# WHAT THE EXERCISE ASKS:
Word for word, restate the lines of the listing below from the line with "Senecio alpinus \" through the line with "Postal Cartão de Posto Muir Woods", and do not include the pictures.

# EXCERPTED DATA:

--- --- ---

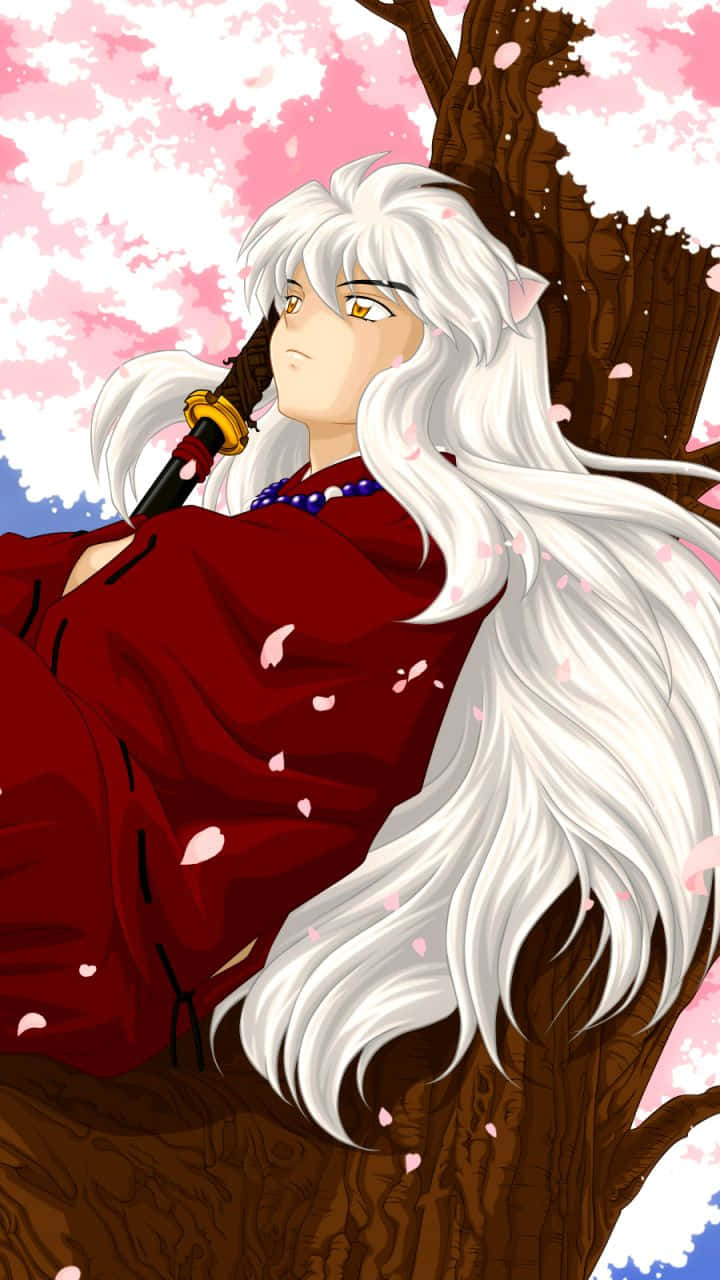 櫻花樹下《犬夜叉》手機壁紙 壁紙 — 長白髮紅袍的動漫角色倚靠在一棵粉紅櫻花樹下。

--- --- ---

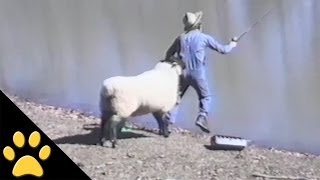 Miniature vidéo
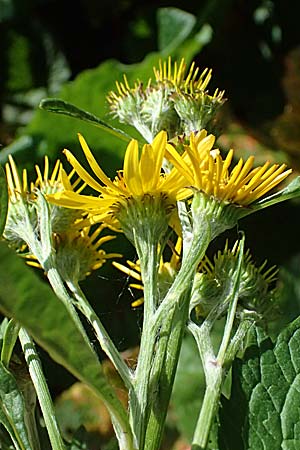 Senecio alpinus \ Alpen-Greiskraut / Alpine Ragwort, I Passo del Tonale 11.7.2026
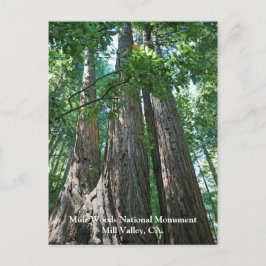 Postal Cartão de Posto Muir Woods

--- --- ---

# SOLUTION FOR THIS EXERCISE:
 Senecio alpinus \ Alpen-Greiskraut / Alpine Ragwort, I Passo del Tonale 11.7.2026
 Postal Cartão de Posto Muir Woods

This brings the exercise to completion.